Based on data published by consulting firm Coalition Development, research analyst headcount at the twelve largest investment banks dropped 8% to 3,500 by the middle of 2019 across 12 of the largest investment banks.
Analyst Headcount Shrinks
According to Coalition Development, research analyst headcount at Bank of America, Barclays, BNP Paribas, Citigroup, Credit Suisse, Deutsche Bank, Goldman Sachs, HSBC, JPMorgan, Morgan Stanley, Societe Generale and UBS plunged 8% from 3,800 analysts at the end of 2018 to 3,500 analysts at the end of June 2019. This decline puts analyst headcount on pace for the sharpest annual decrease since Coalition starting collecting the data in 2012.
Many market watchers suggest that this shrinkage in analyst headcount is being driven primarily by the research unbundling mandate associated with MiFID II and the resulting 20% to 30% drop in research spending that has taken place. However, the Coalition data suggests this may not be the only factor in play. Since the implementation of MiFID II at the beginning of 2018, analyst hiring has fallen 10%.
However, this decline has merely been the continuation of a longer-term trend in shrinking analyst headcount. Since 2012 when Coalition started collecting this data, analyst headcount at the 12 largest investment banks has dropped 20% from 4,400 analysts to 3,800 analysts in mid-2019. This decline started well before the implementation of MiFID II.
Equity Commission Volumes Drop
One factor which we believe has contributed to the decline in sell-side analyst headcount over the past seven years has been the drop in equity commissions seen over the same time period.
In the chart above, we see that according to Greenwich Associates, U.S. equity commissions have fallen over 30% from $10.9 bln to less than $7.5 bln between 2012 and 2019. This drop in equity commission revenue has been caused in large part by the increased adoption of technology, falling equity commission rates, and plunging trading volumes.

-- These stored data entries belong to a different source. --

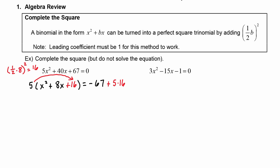When we simplify, we get 5 times the quantity x plus 4 squared is equal to negative 67 plus 80, which is 13 on the right-hand side. So the process we just did is called completing the square.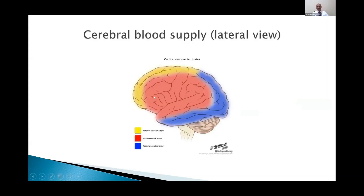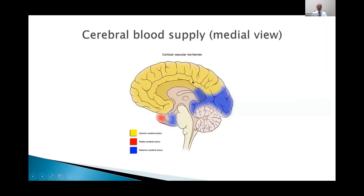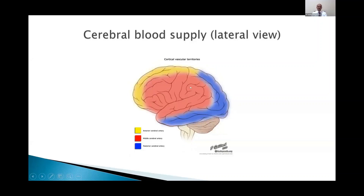This is the lateral view of the brain, and you can see the watershed areas. This is the middle cerebral, anterior cerebral, and the posterior cerebral. The opposite happens in the medial view, where it's the anterior cerebral artery which supplies most of it, and we have the posterior cerebral artery here. The middle cerebral artery supplies mainly this outer portion of the brain.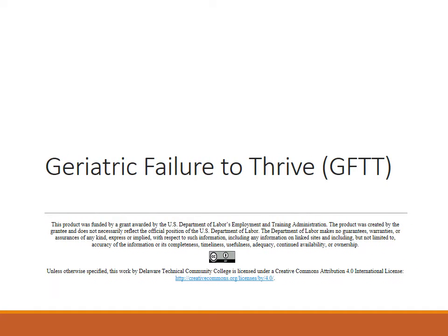Failure to thrive was originally used to identify abnormal growth and development patterns in children. In the 1970s, this term was borrowed from pediatrics to describe a similar syndrome affecting older adults. It is a diagnosis used in hospice care. There is little research in recent literature on geriatric failure to thrive. It is not a single disease or medical condition — it is multidimensional and requires a multidimensional approach for treatment.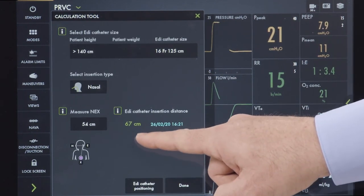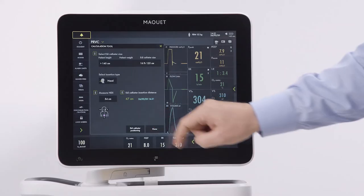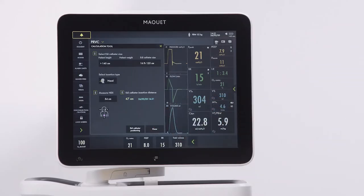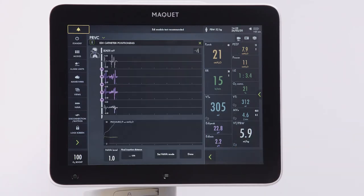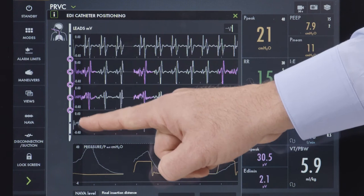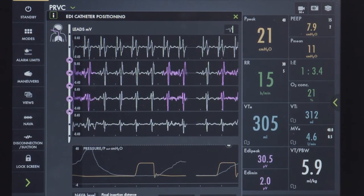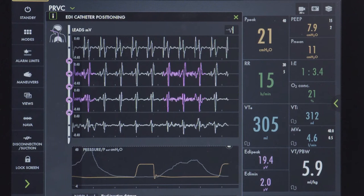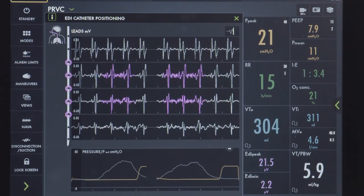This is important: always follow hospital routines to check the positioning of the EDI catheter when it is used as a gastric feeding tube. Continuing the workflow, press on EDI catheter positioning. Verify the position by analyzing the ECG waveform. Both the symbols on the representation of the EDI catheter and the color highlights on the leads show where the EDI signal is strongest.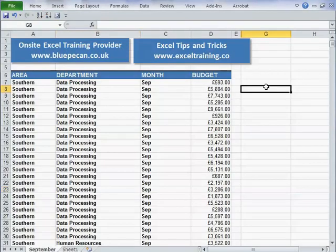So that's how to get Rows to Repeat at the top of every sheet. I'll see you next time. I hope you enjoyed it. Thanks very much.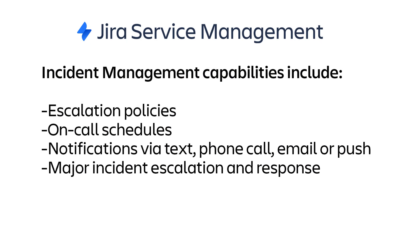Jira Service Management includes modern incident management powered by Opsgenie. We'll walk you through the basic setup of these capabilities so your team can minimize service disruptions and resolve incidents faster.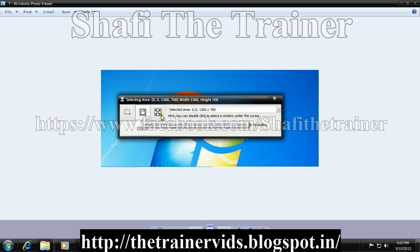If you select this third option, it will select a full window — meaning it will record everything on the monitor.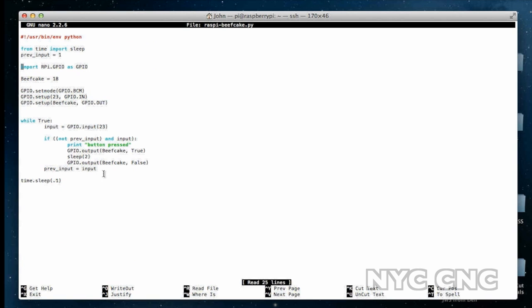I'm importing the GPIO. I'm setting beefcake equal to 18. You'll notice that's the pin 18 we've set as the output pin. 23 is our button pin, so we've set that as an input pin. We set the beefcake pin 18 as an output pin.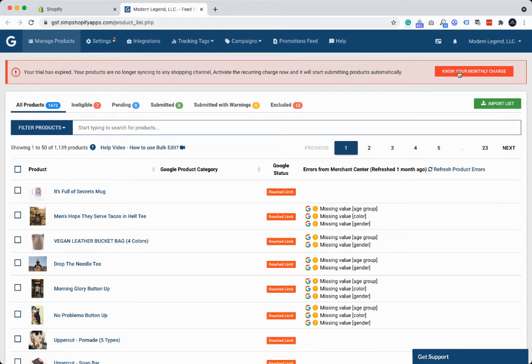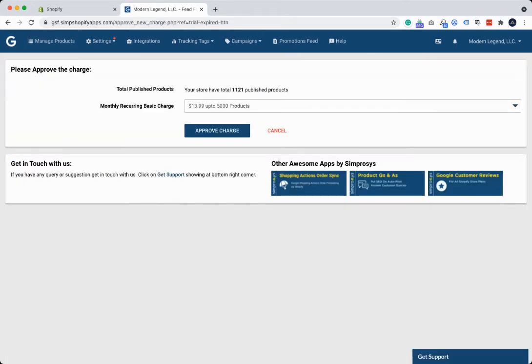So we're going to click on Know Your Monthly Charge, and it's just $13.99 for up to 5,000 products, and then click Approve Charge, and then we'll be able to get your products back on Google Shopping. Thank you.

Given the fact that sell-side equity research has traditionally been funded by equity commissions and IPO revenue, the squeeze in commissions should eventually have an impact on research – particularly if IPO revenue has not risen over that period to offset those commission declines.
We are not arguing that MiFID II has had no negative effect on sell-side analyst headcount. We are just pointing out that decline in analyst headcount has been taking place for quite some time and that other factors could have played a part in this trend.
However, we do suspect that the move to a cash market for research in Europe brought on by MiFID II is likely to convince many executives at investment banks that they are unlikely to recoup any research revenue shortfalls in future years like they could when commissions drove research payments. Research budgets and P&L payments brought on by MiFID II have probably capped many firms’ research payments, particularly in an environment where investors are shifting from actively managed to passive investments.
Consequently, the only way to improve the profit picture for sell-side research which is experiencing shrinking revenue is to cut expenses. This means that research management is likely to continue to squeeze both analyst compensation and headcount in the years to come.